**TASK OBJECTIVE**
What is needed is an exact retyping of each entry, pictures excluded.
[Opening PROVIDED DATA section]
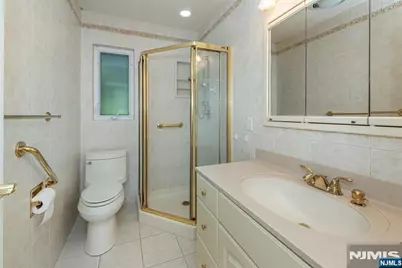 10 Fernwood Drive, Fair Lawn, NJ 07410 - Photo 21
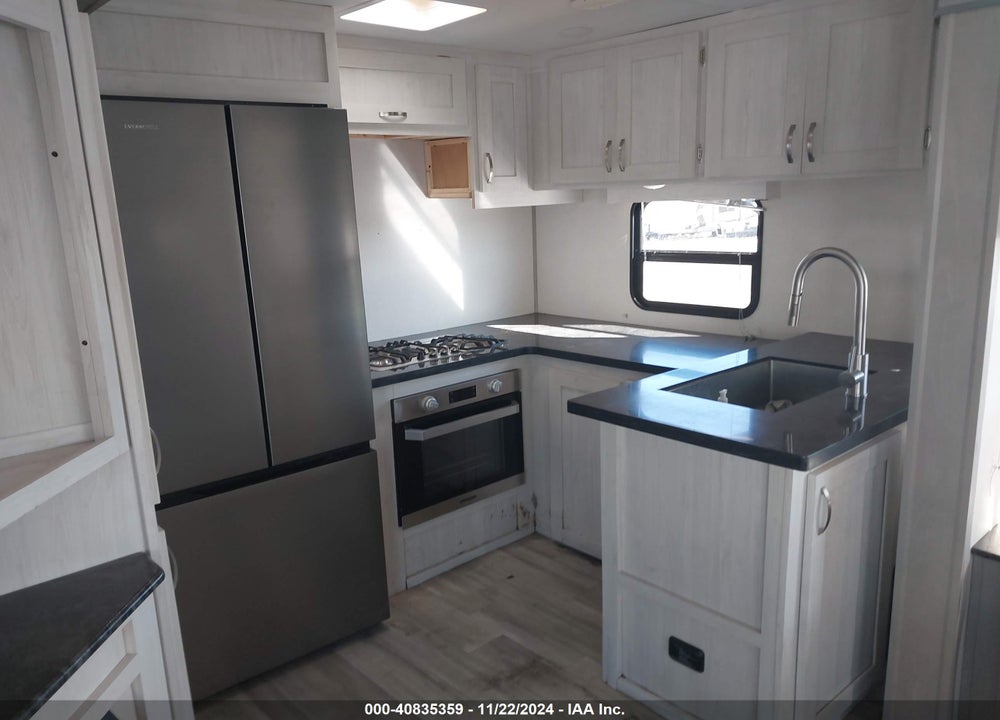 2022 LACROSSE LUXURY LITE VIN: 5ZT2LCZB3NB011560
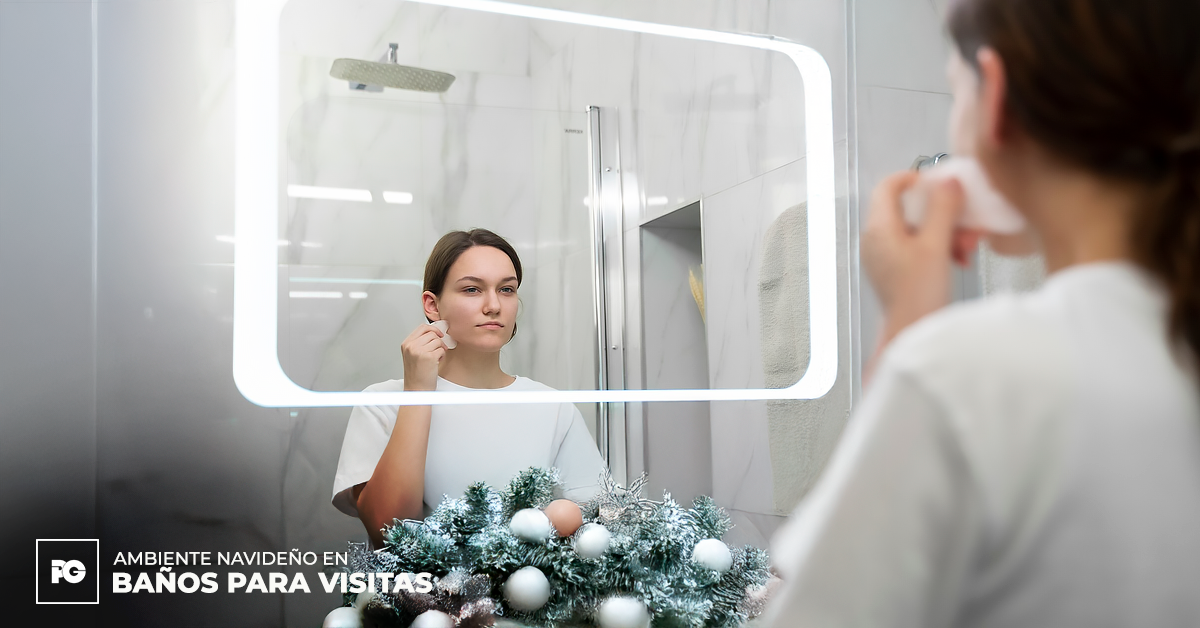 Ambiente navideño en baños para visitas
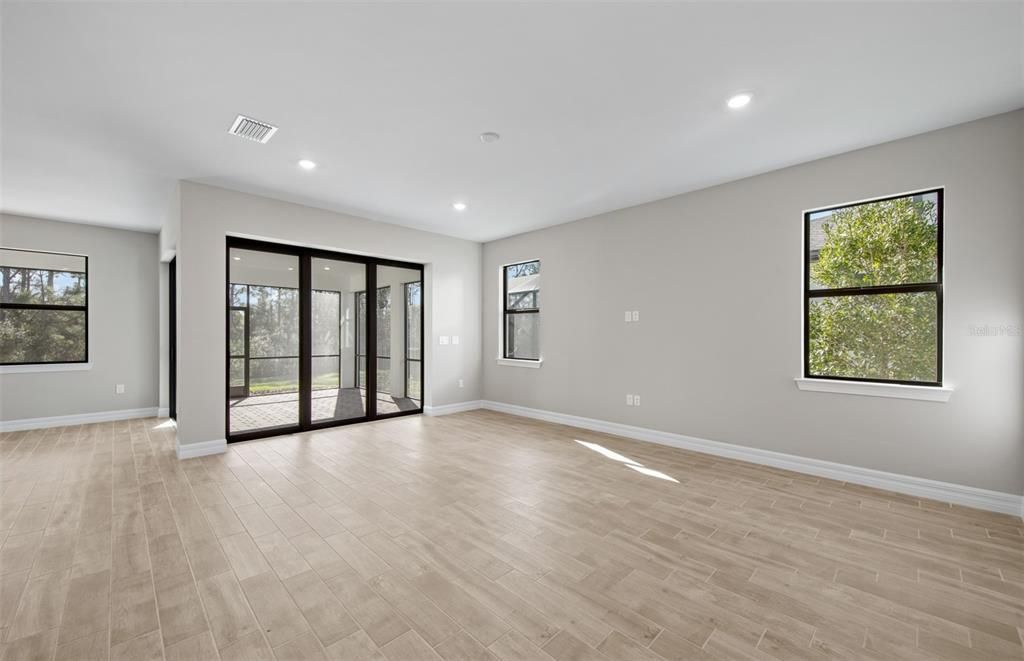 En Venta: $386,990 (4 camas, 2 baños, 2056 Pies cuadrados)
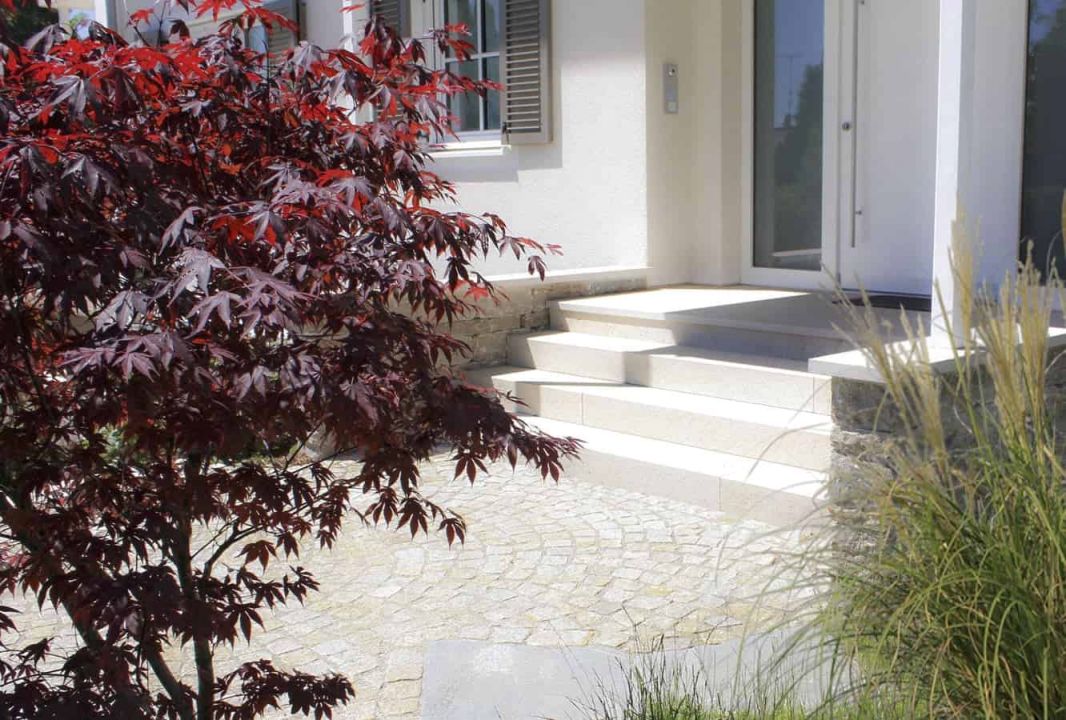 Gartengestaltung mit Jura Stufen Granit Eingang roter Ahorn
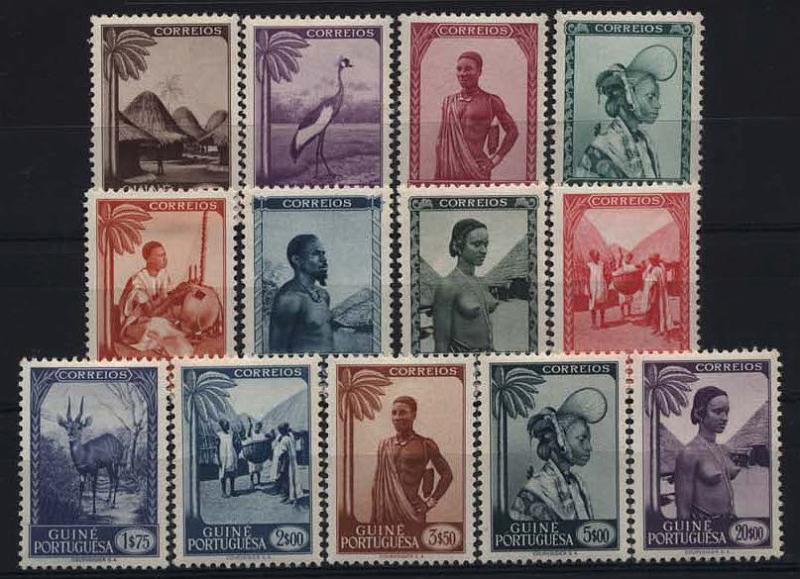 2490.jpg -     Lote:    2490      Lotes pelo Correio      Guiné       Descrição:         1948 &mdash; Motivos da Guiné. CE248/260. Série completa. Alguns selos com ligeiríssimos pontos de óxido. Lote a ver. Valor de catálogo &euro; 101,00.        ***/**       Valor Base:     &euro; 12,00     Valor Venda:     &euro; 18,00     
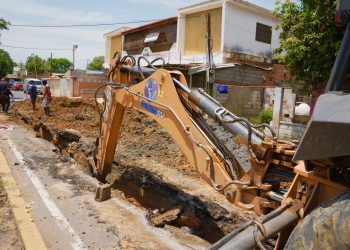 Sustituyen 100 metros lineales de colectores de aguas servidas en La Floresta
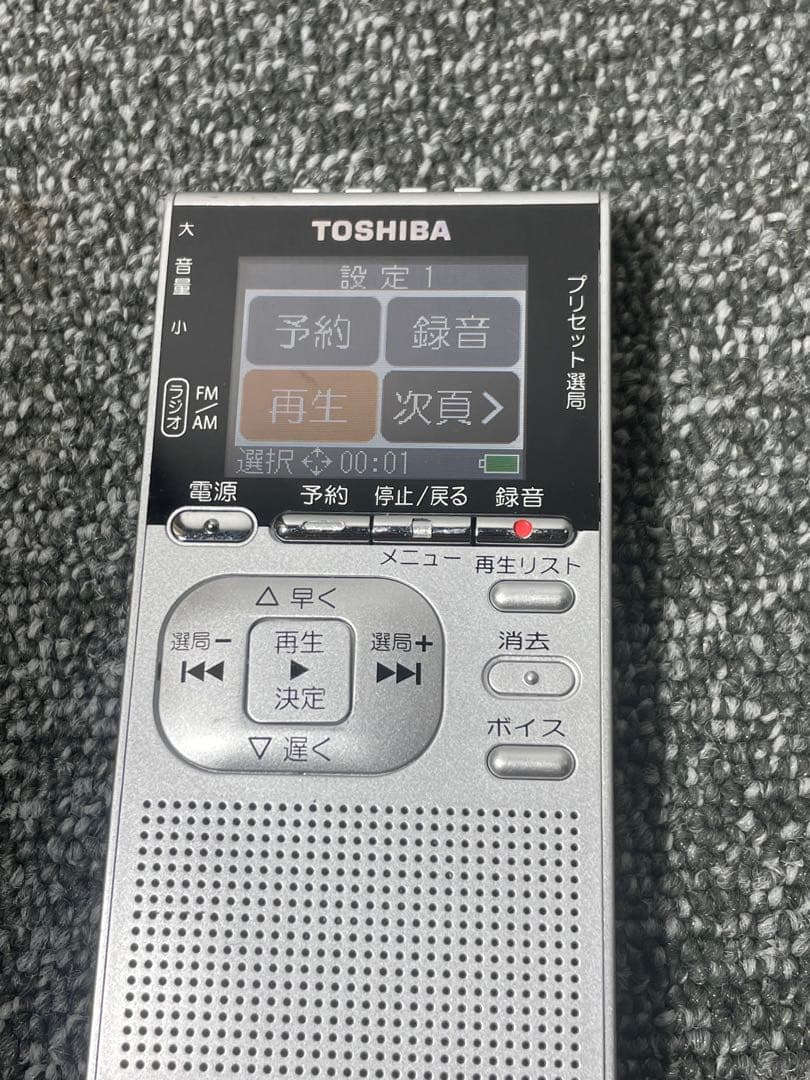 TOSHIBA FM/AMラジオプレーヤー イヤフォン付き TY-RPR1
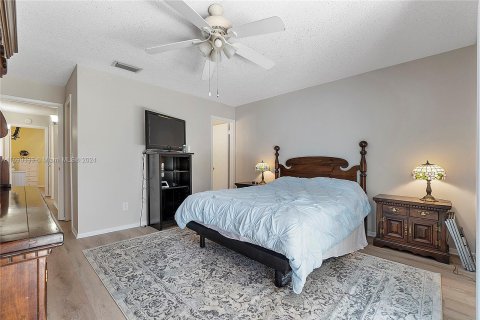 Condo in Stuart, Florida, 2 bedrooms  № 1435330 - photo 12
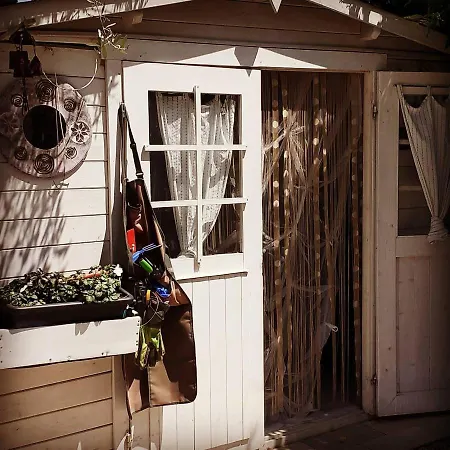 Alice's By Casolare Isabella *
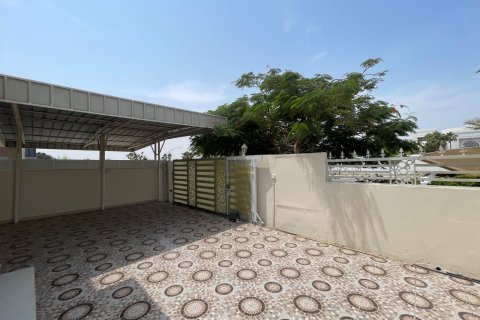 Villa Gemela de 3 dormitorios en Muscat, Oman No. 109220 19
[Closing PROVIDED DATA section]
**COMPLETED EXERCISE**
 10 Fernwood Drive, Fair Lawn, NJ 07410 - Photo 21
 2022 LACROSSE LUXURY LITE VIN: 5ZT2LCZB3NB011560
 Ambiente navideño en baños para visitas
 En Venta: $386,990 (4 camas, 2 baños, 2056 Pies cuadrados)
 Gartengestaltung mit Jura Stufen Granit Eingang roter Ahorn
 2490.jpg -     Lote:    2490      Lotes pelo Correio      Guiné       Descrição:         1948 &mdash; Motivos da Guiné. CE248/260. Série completa. Alguns selos com ligeiríssimos pontos de óxido. Lote a ver. Valor de catálogo &euro; 101,00.        ***/**       Valor Base:     &euro; 12,00     Valor Venda:     &euro; 18,00     
 Sustituyen 100 metros lineales de colectores de aguas servidas en La Floresta
 TOSHIBA FM/AMラジオプレーヤー イヤフォン付き TY-RPR1
 Condo in Stuart, Florida, 2 bedrooms  № 1435330 - photo 12
 Alice's By Casolare Isabella *
 Villa Gemela de 3 dormitorios en Muscat, Oman No. 109220 19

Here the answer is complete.